[Problem to solve]
Please retype the records below exactly, from the first line through the line containing "Szafka pod telewizor, musztardowa, 68,5x39x60,5", and leave out any pictures.

[Dataset extract]

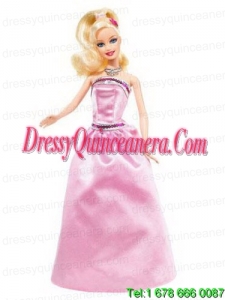 Beading Pink Princess Party Clothes Barbie Doll Dress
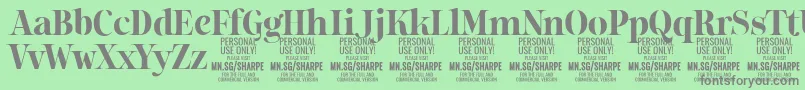SharpeBo PERSONAL Font – Gray Fonts on Green Background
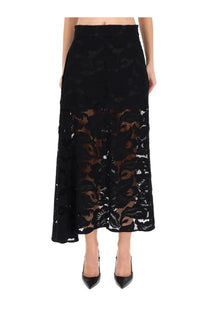 Patou women’s black lace midi skirt with floral pattern and sheer overlay for elegant occasions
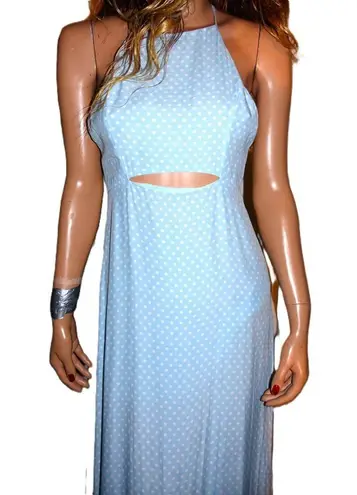 Baby Blue White Polka Dot Cut Out Maxi Dress S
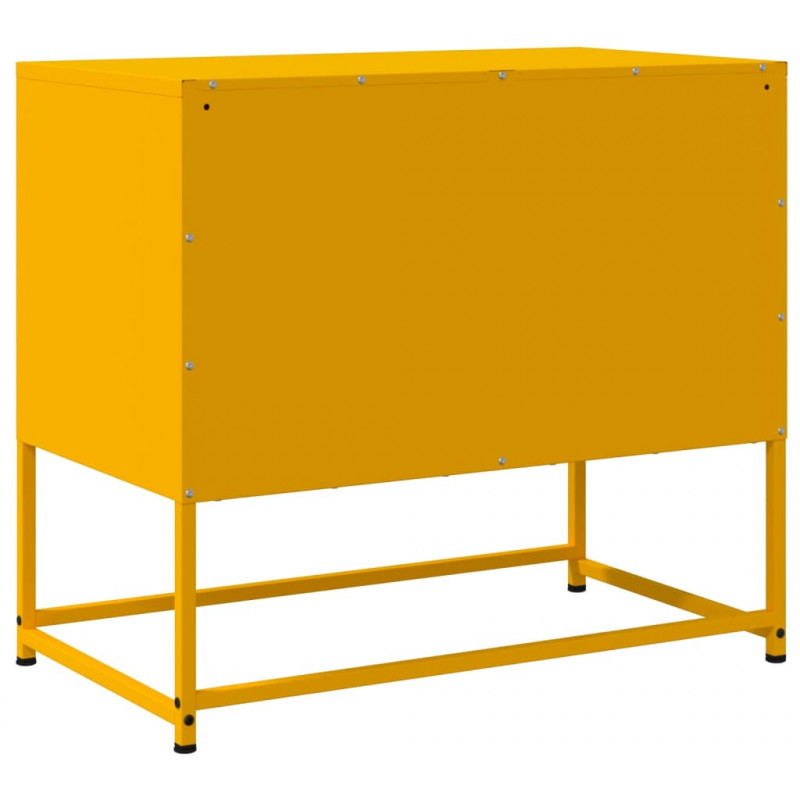 Szafka pod telewizor, musztardowa, 68,5x39x60,5 cm, stalowa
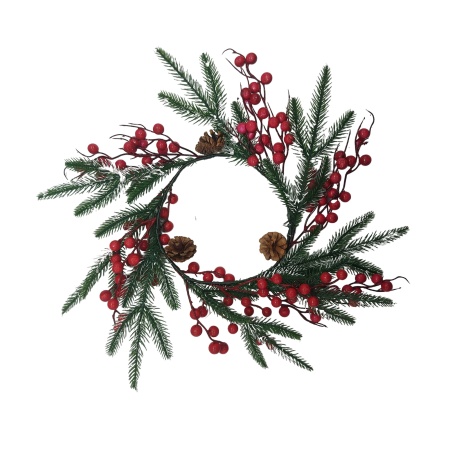 Венок новогодний 40см с красными ягодами РД44808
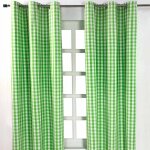 Homescapes rideaux ?illets � grands carreaux vichy vert, lot de 2, 137 x 228 cm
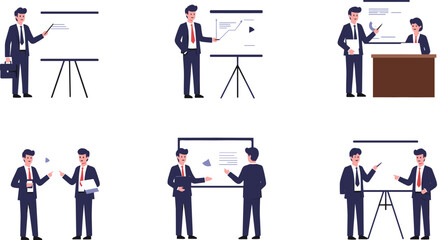 Business meeting illustrations, professional men in suits, office presentation, corporate discussion, teamwork, strategy planning, whiteboard, briefcase, laptop, report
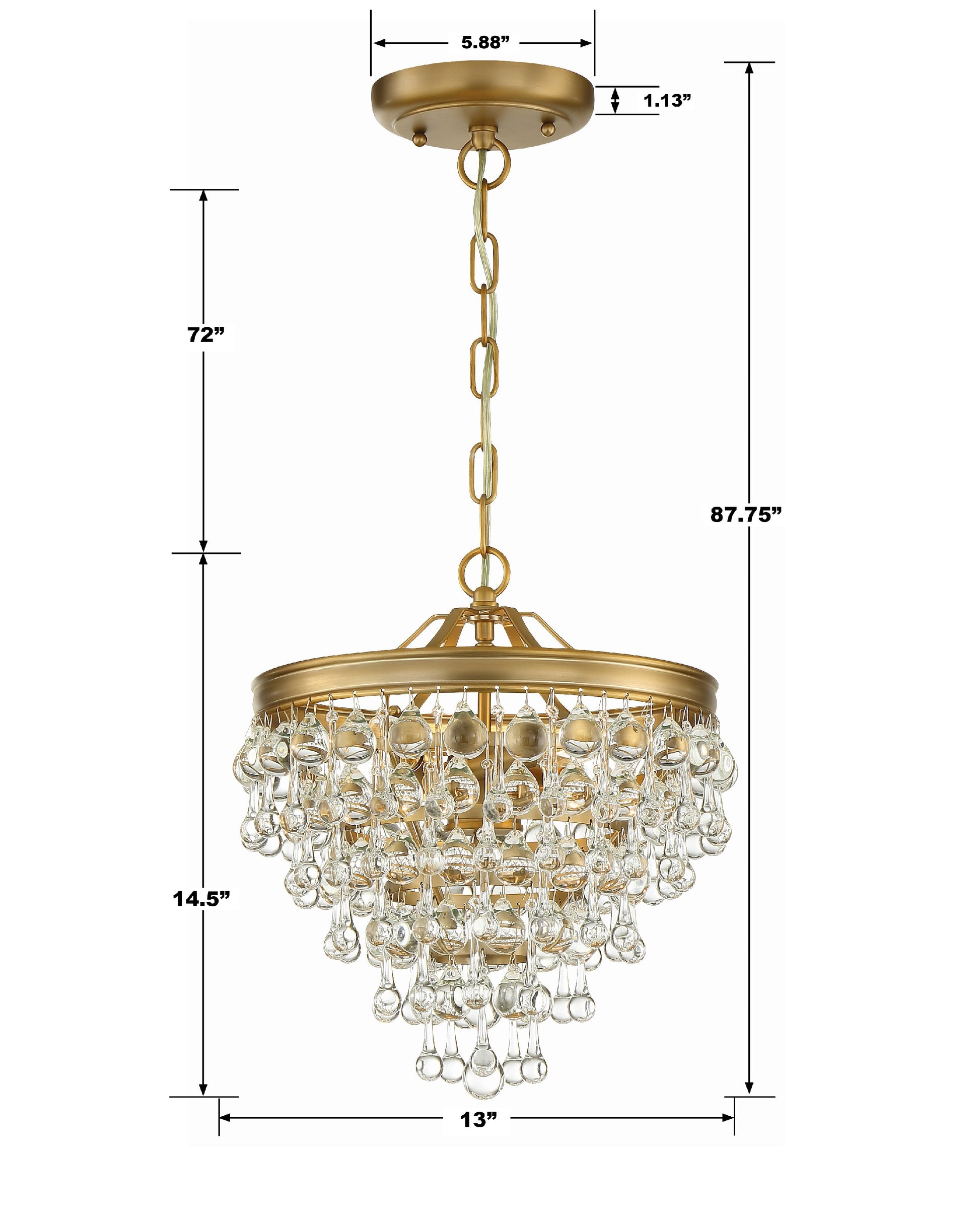 Crystorama Calypso 130-VG – 13 Inch – 3 Light – Pendant Light – Vibrant Gold – Damp Rated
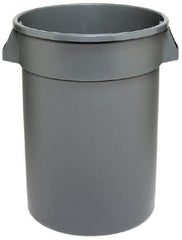 Continental - 32 Gal Gray Round Trash Can - Polyethylene - Apex Tool & Supply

[Output]
 Beading Pink Princess Party Clothes Barbie Doll Dress
SharpeBo PERSONAL Font – Gray Fonts on Green Background
 Patou women’s black lace midi skirt with floral pattern and sheer overlay for elegant occasions
 Baby Blue White Polka Dot Cut Out Maxi Dress S
 Szafka pod telewizor, musztardowa, 68,5x39x60,5 cm, stalowa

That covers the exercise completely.